The Mosquito was originally conceived as a high speed unarmed bomber. In 1940 with Great Britain facing its darkest hour and a shortage of resources, it needed aircraft and it needed them quickly. Though the Air Ministry had some reservations about the unarmed aspect of the design, it could not argue with de Havilland’s expertise in wooden aircraft production techniques. Additionally, the fact that its construction called for minimal amounts of treasured metal resources offered up a viable alternative.

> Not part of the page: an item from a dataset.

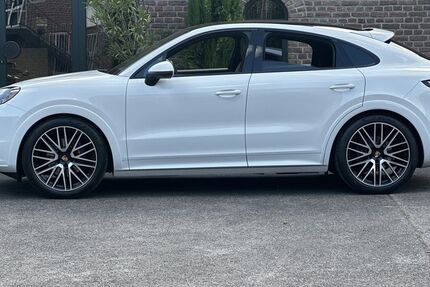 Porsche Cayenne 15.900 km 109.790 &euro; Frechen (bei Köln) 50226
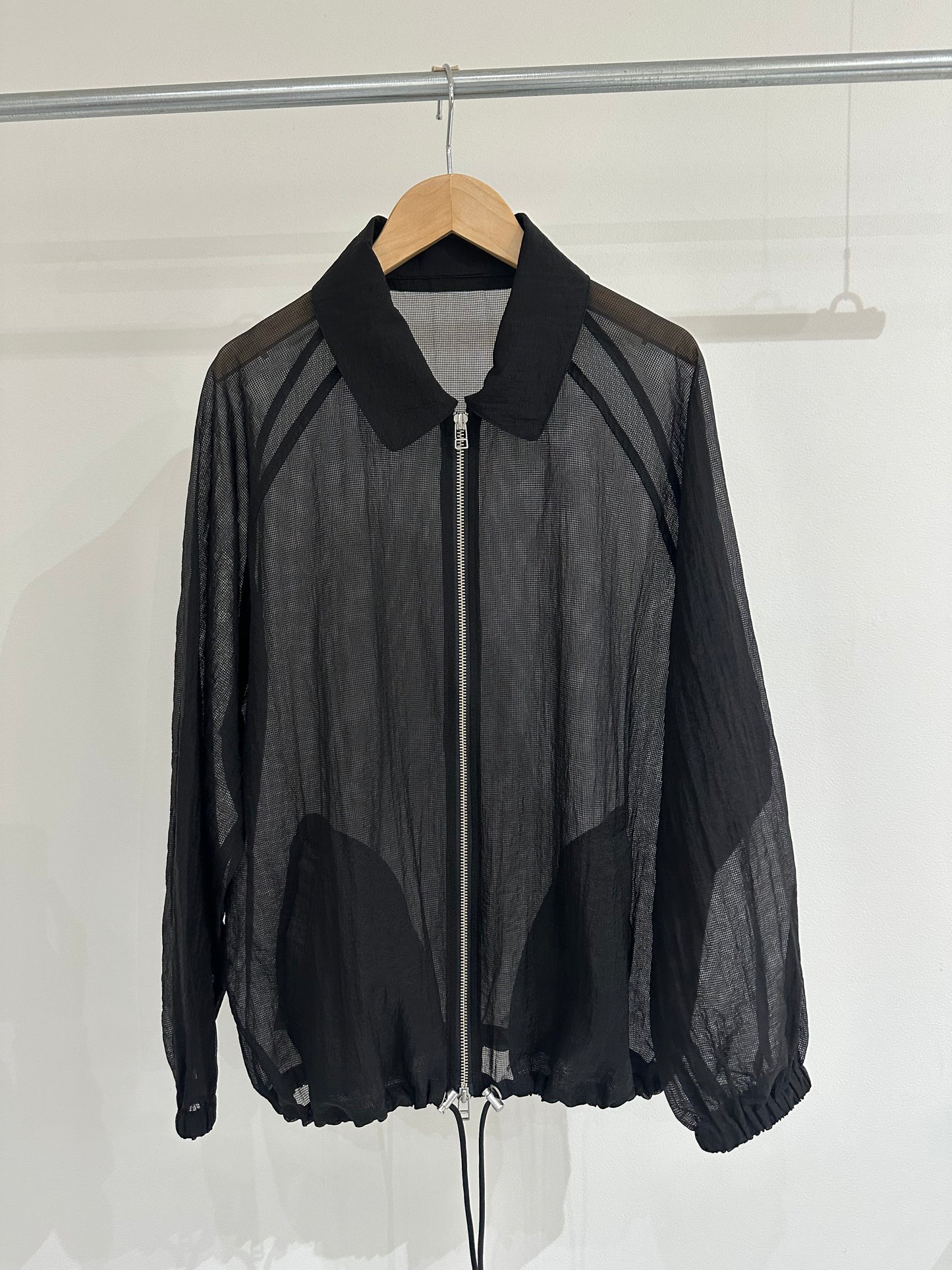 HOWIE Sheer Blouson (black)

After a series of changes in the aircraft’s perceived role, the original order was modified to a requirement for 20 bombers and 30 fighters. The prototype initially built in a hangar disguised as a barn at the home of de Havilland, Hatfield. It narrowly missed being destroyed during a successful Luftwaffe bombing raid on Hatfield that did spell the end of a number of materials and over twenty people. However, the Mosquito survived and undertook its maiden test flight in November of 1940 at the hands of Geoffrey de Havilland’s son of the same name. During the subsequent trials the Mosquito’s speed established it as the fastest combat aircraft on either side of the conflict; a title it held for the next two years.
Into the Fray.
The Mosquito’s first operational sorties were in the role of Photo Reconnaissance (PR) in August 1941, a task it was ideally suited to with its high speed. Early in 1942, the aircraft began to see service as fighters and bombers. The Mosquito had far exceeded the original specifications and through minor modifications was able to carry 500 pound bombs in place of the originally planned 250 pounders. The first bombing raid was a daylight strike on Cologne after a “1000 bomber” raid had taken place the previous evening.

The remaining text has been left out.